◆ **PROBLEM REQUIREMENTS**
Search the records for the word "Sport" and report each line that has it.

◆ **INPUT FOR THIS TASK**

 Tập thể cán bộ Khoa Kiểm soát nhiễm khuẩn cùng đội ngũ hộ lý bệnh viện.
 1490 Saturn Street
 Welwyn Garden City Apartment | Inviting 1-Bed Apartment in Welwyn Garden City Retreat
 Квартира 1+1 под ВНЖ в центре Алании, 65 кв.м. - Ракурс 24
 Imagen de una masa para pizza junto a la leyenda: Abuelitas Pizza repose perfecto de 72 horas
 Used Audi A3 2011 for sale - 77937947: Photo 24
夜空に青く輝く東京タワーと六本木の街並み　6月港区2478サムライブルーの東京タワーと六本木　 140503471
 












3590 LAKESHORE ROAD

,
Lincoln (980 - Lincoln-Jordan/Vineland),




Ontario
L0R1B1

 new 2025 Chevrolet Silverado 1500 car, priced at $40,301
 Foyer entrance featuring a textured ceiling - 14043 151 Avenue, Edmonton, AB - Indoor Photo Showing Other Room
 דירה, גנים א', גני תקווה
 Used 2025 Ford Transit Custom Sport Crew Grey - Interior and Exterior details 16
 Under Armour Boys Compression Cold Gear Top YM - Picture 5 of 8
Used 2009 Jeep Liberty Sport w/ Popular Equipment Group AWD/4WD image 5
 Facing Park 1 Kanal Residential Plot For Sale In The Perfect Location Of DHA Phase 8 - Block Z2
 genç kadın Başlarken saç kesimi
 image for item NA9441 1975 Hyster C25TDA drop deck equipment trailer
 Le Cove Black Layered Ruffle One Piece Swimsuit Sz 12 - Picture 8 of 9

◆ **WRITTEN RESPONSE**
 Used 2025 Ford Transit Custom Sport Crew Grey - Interior and Exterior details 16
Used 2009 Jeep Liberty Sport w/ Popular Equipment Group AWD/4WD image 5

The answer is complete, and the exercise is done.